The applicant claimed before the Court of the Hague and further before the Council of State that the State Secretary did not address the risk for a third country national to be redirected from Croatia to a third country due to pushbacks and without having been able to make an application for international protection and go through an asylum procedure.
The Court of the Hague considered that third country nationals in Croatia do not face a real and serious risk of being treated in breach of the EU Charter, Article 4. Although it is not disputed Croatian practice of pushbacks at the border, the court relied on the AIDA report on Croatia (2020 Update) of May 2021 and considered where it was mentioned that Dublin applicants transferred to Croatia do not experience any problems in accessing the asylum procedure and reception conditions. According to the court of the Hague, the State Secretary has therefore rightly taken the position that he can still rely on the inter-state principle of the protection of legitimate expectations with regard to Dublin claimants for Croatia.
In the subsequent appeal, the Council of State addressed the question of whether the State Secretary has properly justified that he is right to apply the Dublin Regulation to Croatia on the basis of the principle of the inter-State protection of legitimate expectations and that the foreign national does not run a real risk of ending up in a situation contrary to Article 4 of the EU Charter and Article 3 of the ECHR when returning to Croatia, including not being subject to push back to a third country.
The Council of State stated that when a third country national argues, but reference to objective information, that the State Secretary can no longer rely on the principle of mutual trust, it is for the State Secretary to demonstrate in a resonated manner why it reaches a different conclusion based on the same objective information and it has also to justify why the systemic errors in the asylum procedure and/or reception system in the transfer State are not fundamental or those deficiencies do not reach the threshold of severity as the CJEU ruled in Abubacarr Jawo v Bundesrepublik Deutschland.
When the State Secretary can not properly justify the applicability of the principle of inter-state mutual trust and legitimate expectations, he is obliged to carry out a further investigation in the requested Member State (see the judgment of the ECtHR of 21 January 2011, M.S.S. v Belgium and Greece). According to the Council of State, a further investigation in the requested Member State does not affect the principle of mutual trust but will confirm that the principle can still be relied on (CJEU, C.K. and Others v Republic of Slovenia (Republika Slovenija)).

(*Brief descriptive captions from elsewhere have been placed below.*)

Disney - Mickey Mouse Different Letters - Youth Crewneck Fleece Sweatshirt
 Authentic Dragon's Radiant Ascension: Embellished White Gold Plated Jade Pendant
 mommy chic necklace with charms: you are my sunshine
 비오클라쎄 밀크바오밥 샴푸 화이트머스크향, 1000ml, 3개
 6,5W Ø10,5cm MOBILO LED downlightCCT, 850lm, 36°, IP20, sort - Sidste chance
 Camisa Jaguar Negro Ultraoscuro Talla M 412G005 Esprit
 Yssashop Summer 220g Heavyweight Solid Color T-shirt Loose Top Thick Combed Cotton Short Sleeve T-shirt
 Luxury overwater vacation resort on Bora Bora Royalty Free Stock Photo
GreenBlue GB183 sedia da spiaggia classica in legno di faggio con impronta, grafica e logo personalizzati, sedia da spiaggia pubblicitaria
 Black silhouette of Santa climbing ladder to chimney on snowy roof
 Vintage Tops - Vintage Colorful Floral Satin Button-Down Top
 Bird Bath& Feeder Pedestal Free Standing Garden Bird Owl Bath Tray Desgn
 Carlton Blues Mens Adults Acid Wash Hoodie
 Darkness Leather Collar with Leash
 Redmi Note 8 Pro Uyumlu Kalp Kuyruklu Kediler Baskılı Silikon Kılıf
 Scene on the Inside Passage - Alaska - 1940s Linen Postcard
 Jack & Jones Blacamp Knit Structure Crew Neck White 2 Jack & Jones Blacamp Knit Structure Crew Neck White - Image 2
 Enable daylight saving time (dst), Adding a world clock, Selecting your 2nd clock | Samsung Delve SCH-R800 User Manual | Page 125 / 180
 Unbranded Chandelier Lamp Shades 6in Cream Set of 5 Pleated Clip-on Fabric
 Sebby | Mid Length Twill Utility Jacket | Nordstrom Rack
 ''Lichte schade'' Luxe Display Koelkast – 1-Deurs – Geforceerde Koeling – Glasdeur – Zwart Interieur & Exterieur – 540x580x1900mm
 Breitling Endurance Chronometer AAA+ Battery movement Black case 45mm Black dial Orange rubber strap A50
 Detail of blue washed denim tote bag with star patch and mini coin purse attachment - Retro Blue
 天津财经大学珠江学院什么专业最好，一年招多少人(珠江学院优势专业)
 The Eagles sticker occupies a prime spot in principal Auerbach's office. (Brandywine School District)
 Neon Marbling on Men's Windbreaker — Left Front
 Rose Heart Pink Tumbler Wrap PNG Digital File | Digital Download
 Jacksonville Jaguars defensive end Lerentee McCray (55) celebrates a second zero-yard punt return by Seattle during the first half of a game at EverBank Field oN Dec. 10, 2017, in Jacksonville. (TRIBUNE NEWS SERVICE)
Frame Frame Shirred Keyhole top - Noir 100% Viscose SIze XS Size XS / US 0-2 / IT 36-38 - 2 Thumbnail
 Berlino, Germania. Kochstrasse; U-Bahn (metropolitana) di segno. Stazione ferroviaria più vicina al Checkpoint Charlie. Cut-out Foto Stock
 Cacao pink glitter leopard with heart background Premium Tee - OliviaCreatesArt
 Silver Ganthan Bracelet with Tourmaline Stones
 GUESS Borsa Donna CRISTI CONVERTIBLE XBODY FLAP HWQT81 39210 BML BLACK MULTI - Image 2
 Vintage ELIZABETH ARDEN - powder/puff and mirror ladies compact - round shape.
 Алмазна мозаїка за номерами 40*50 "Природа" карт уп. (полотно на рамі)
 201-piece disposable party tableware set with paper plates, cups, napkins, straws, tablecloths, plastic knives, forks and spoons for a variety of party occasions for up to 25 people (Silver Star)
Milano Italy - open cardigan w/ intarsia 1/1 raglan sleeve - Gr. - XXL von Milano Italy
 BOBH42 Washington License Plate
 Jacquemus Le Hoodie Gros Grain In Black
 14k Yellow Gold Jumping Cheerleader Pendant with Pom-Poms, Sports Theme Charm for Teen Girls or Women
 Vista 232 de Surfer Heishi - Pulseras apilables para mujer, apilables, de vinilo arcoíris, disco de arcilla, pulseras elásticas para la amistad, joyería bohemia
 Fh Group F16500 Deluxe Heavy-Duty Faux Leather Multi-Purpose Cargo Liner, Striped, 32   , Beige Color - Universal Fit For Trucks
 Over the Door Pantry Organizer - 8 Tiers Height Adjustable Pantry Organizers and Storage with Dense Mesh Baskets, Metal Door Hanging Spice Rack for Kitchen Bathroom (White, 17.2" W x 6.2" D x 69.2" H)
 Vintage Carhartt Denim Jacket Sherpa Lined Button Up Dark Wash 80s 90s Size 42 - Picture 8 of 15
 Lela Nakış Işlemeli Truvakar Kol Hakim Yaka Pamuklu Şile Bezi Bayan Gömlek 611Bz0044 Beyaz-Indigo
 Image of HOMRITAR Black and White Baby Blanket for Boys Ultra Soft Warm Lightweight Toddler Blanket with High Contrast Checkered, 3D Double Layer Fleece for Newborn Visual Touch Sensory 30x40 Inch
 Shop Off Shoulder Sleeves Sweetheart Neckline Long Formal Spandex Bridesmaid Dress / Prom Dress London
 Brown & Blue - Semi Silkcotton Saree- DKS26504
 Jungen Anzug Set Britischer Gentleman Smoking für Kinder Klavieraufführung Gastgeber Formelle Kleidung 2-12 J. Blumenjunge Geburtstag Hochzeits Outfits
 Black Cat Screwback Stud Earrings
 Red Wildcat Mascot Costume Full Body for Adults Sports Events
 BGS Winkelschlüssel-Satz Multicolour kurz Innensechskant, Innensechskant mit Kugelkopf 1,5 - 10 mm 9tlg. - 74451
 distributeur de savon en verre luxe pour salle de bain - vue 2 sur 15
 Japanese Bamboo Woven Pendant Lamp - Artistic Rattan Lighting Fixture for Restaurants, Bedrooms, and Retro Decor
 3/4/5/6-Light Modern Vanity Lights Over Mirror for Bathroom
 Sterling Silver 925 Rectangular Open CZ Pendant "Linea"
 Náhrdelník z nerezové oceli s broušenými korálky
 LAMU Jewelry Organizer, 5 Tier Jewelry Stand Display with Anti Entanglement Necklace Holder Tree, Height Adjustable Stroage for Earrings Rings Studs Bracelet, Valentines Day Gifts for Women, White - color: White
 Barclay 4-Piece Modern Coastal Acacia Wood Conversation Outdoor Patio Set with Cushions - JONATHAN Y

The Council of State further concluded that the pushbacks in Croatia constitute a fundamental systemic error in that country's asylum procedure, which reaches the particularly high threshold of gravity. As for the consequences on Dublin procedure, the Council of State ruled that although the pushbacks at the external borders do not in themselves mean that Dublin applicants cannot be transferred to Croatia, there are concrete indications that the State Secretary can no longer assume that Croatia will comply with its international obligations with regard to the third country national.
The Council of State concluded that the State Secretary should have carried out further investigation into the risk for transferred Dublin applicants to be deported by Croatia without treatment or during the examination of their asylum application. Considering the nature, extent and duration of the fundamental systemic error at issue and that it reaches the particularly high threshold of gravity, the absence of information on the situation of Dublin applicants after transfer to Croatia cannot be at the risk of the foreign national. Consequently, the State Secretary decision was annulled.